I successfully completed my little experiment to resist the temptation to spread out my work and just do it already. I didn't work as quickly as I might have. If I had, I would have finished about a day before I did, but all in all, it was successful.
Now I am in my third week of nothing to do at work. I have had one-off jobs that take a few minutes, but for the vast majority of my time, I have been aimlessly clicking around the Internet, grasping at conversations, looking for something to do. It's painful.
I have done some procrastinated research on money software and finally revamped my whole retirement portfolio since my employer decided to "make retirement simpler and easier" by eliminating all of our previous choices, forcing us to roll our entire portfolio into something else, and requiring us to choose new funds for future contributions. Easier and simpler, indeed. The time has not been completely in vain, but I have fast run out of things to do.
So what have I learned here?
I definitely think it was worthwhile to push through my desire for distraction and just work. There was some disciple to be practiced. It's good to practice.
But I was right in dreading the inevitable outcome. I still have three more days before the new monthly files start trickling in again. I squirm in my chair. Getting out of bed is harder knowing all I have to look forward to is clicking around the Internet all day. That's fun for a day or two, but it gets old. Painfully boring, sometimes. Even writing blog posts is harder because there is nothing pricking my mind into activity.
Will I keep it up? I don't know.
In April, I am taking the entire first full week off of work, thanks to the new vacation policy. The first week of the month is my busiest time. In the past, there was someone available to pick up my slack, but those people have left.

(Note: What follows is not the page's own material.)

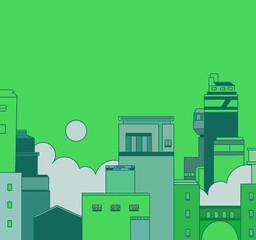 Fototapeta premium illustration of a city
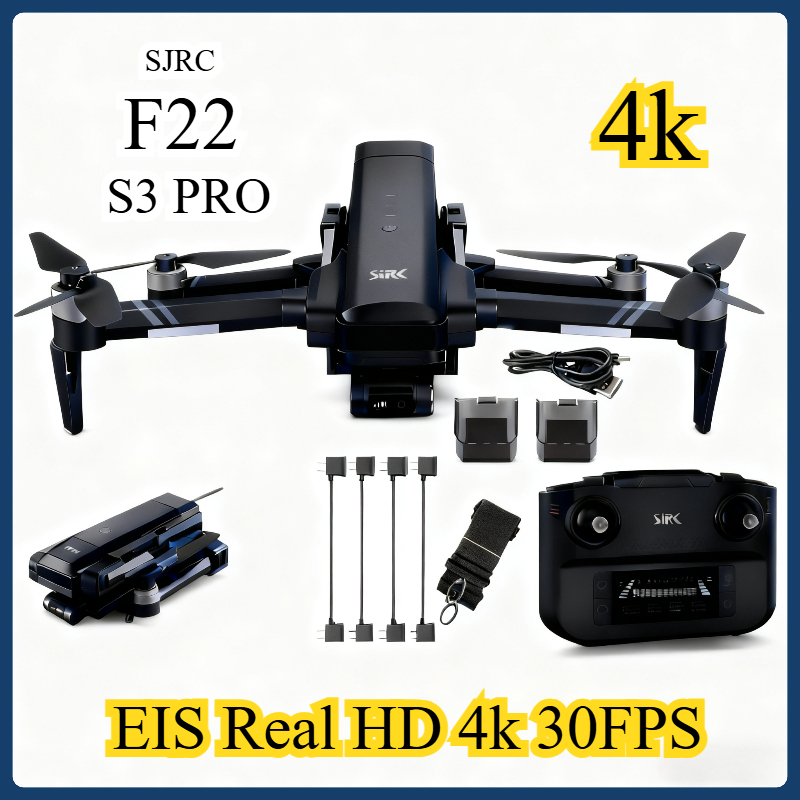 Sjrc f22 s3 pro drone 4k câmer - Drone F22 Rc avaliação e preço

When I return towards the middle of the month, I will be very busy since a) I will be behind and b) April is a short work month anyway.
But May? I will have to decide if I will again practice working through distractions. Perhaps I will do it again. We are hoping that I will be able to submit my resignation in May or June. I can slug through those months of two weeks of work and two weeks of nothing without much discouragement.
One thing I have discovered is that I don't feel nearly as bad about all the work procrastination over the years. I have silently berated myself for wasting so much time at work, but I have a clearer understanding of how it is a coping mechanism more than a shirking of duty. I was right to suspect weeks without any work would be very uncomfortable to endure. I think this boom and bust cycle would be difficult to maintain for years. Even now, I feel the lethargy creeping. Even though it is a maladjustment outside of work and I need to break the work habits when outside of work, I think I have probably been a better employee for slacking than not, perverse though it sounds. My tolerance would be much lower by now if I had endured eight years of these weeks of boredom.
But practicing differently for now might bear some good fruit. Hopefully though, the end is near and I will develop a little more self control right here approaching commencement.